Carrie White to zaniedbana, bardzo nieśmiała i odtrącona przez rówieśników jak i społeczeństwo nastolatka. Jest typowym brzydkim kaczątkiem, które nie widzi dla siebie żadnej przyszłości. Wychowywana przez matkę, która jest religijną fanatyczką, w wieku 16 lat nie zna w ogóle swojego ciała, nie wie czym jest kobiecy cykl i nie potrafi normalnie funkcjonować wśród ludzi. Rówieśnicy wyśmiewają ją na każdym kroku, matka każe za wszelkie przewinienia, którymi są jakby nie patrzeć całkowicie normalne zachowania. Dziewczyna wraz z pojawieniem się pierwszej miesiączki odkrywa w sobie nasilone zdolności telekinetyczne. Stopniowe oswajanie się z nimi, wzbudza w niej wspomnienia z wieku dziecięcego, a jednocześnie doprowadza do momentu, w którym nabiera na tyle odwagi, by postawić się matce i spróbować wieść swoje życie tak, jak wiodą je inni ludzie. Nie zdaje sobie jednak sprawy z tego, że chęć zaznania odrobiny normalności w połączeniu z nietypowymi zdolnościami, może przynieść jeszcze więcej nieszczęścia niż to, którego zaznała do tej pory i że dotknie ono społeczeństwo małej miejscowości.

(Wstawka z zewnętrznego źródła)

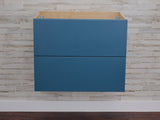 Gunner 30" Wall Mount Slab Door Bathroom Vanity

Jak to bywa z książkami Kinga, nawet jeśli coś jest przewidywalne i wydaje się nie mieć tego efektu wow, to mają one w sobie coś takiego, że wciągają i budzą zainteresowanie związane z przebiegiem dalszych wydarzeń. Nie inaczej jest z Carrie, która jest pełna ciekawych postaci, które są doskonale przedstawione. Nie licząc przecież tylko głównej bohaterki, mamy również jej matkę, która jest uosobieniem zła i patologii, jakiej większość z nas nie widziała na oczy. Jej rówieśnicy? Sue, która wydaje się najsympatyczniejszą z grupki nastolatków mimo swoich przewinień oraz Tommy, którego również na swój sposób można polubić, to chyba dwie z tych postaci, które w krótkim czasie zdołały przejść pewnego rodzaju przemianę, dostrzegając w Carrie coś więcej niż te wspomniane brzydkie kaczątko, którym można pomiatać na każdym kroku. Nie brak również tych postaci, które, choć są poboczne, to mają spory udział w tym, jak toczą się poszczególne wydarzenia i jaki finał ma ta książka. Są nimi Chris i jej chłopak Billy. Dwie największe szumowiny, tuż po Margaret, które swoim istnieniem i pomysłami, przysporzyły Carrie, jak i całemu miasteczku niewyobrażalnych cierpień.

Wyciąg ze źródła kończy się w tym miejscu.